Affogato: A dessert made by “drowning” a scoop of gelato with a shot of hot espresso.
Al Dente: Literally means “to the tooth.” Refers to pasta or rice that is cooked to be firm when bitten, not overcooked or mushy.
Antipasto: The traditional first course of an Italian meal, typically consisting of cured meats, cheeses, olives, and vegetables.
B
Balsamic Vinegar: A dark, concentrated vinegar originating from Modena, Italy, used as a condiment or dressing for salads, meats, and cheeses.

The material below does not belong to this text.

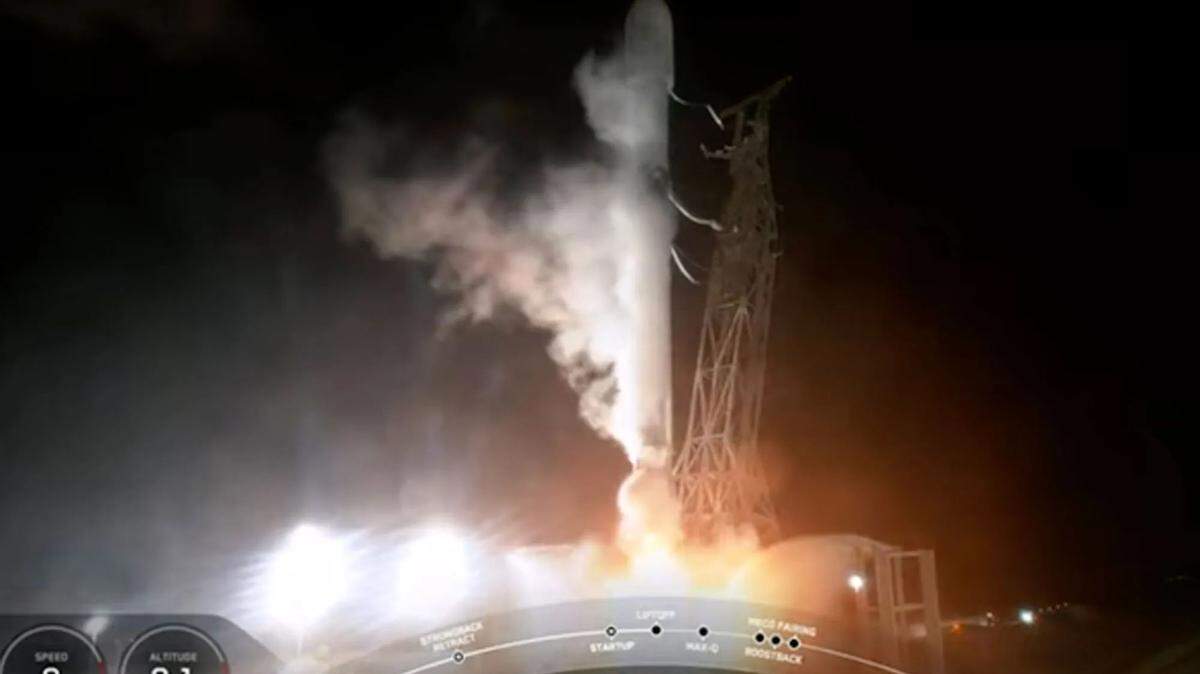 An eclectic collection of payloads, including a satellite built in Santa Barbara plus cremated remains of people and cats, rocketed away from Vandenberg Space Force Base near Lompoc on Friday, April 14, 2023.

Bruschetta: Grilled bread topped with a variety of ingredients, most commonly diced tomatoes, garlic, olive oil, and basil.
C
Carbonara: A classic Roman pasta dish made with eggs, Pecorino Romano cheese, guanciale (cured pork cheek), and black pepper.
Caprese Salad: A simple salad made with fresh mozzarella, tomatoes, and basil, usually drizzled with olive oil and balsamic vinegar.
Ciabatta: A rustic Italian bread characterized by its airy texture and crispy crust, often used for sandwiches and paninis.
D
Dolce: The Italian word for “sweet,” referring to desserts or sweet dishes.
Durum Wheat: A hard type of wheat commonly used in Italy for making pasta due to its high gluten content.
F
Focaccia: A flat oven-baked bread similar to pizza dough, often topped with olive oil, herbs, and sometimes vegetables.
Frittata: An Italian omelette filled with vegetables, cheese, and/or meats, cooked slowly and served as a main dish or appetizer.
G
Gelato: Italian ice cream that is denser and creamier than other ice creams, with a higher milk-to-cream ratio and less air churned into it.
Gnocchi: Soft dumplings made from potatoes, flour, and sometimes eggs or cheese, often served with sauces like tomato, pesto, or butter and sage.
L
Limoncello: A traditional Italian lemon liqueur made from lemon zest, sugar, and alcohol, commonly served as a digestif.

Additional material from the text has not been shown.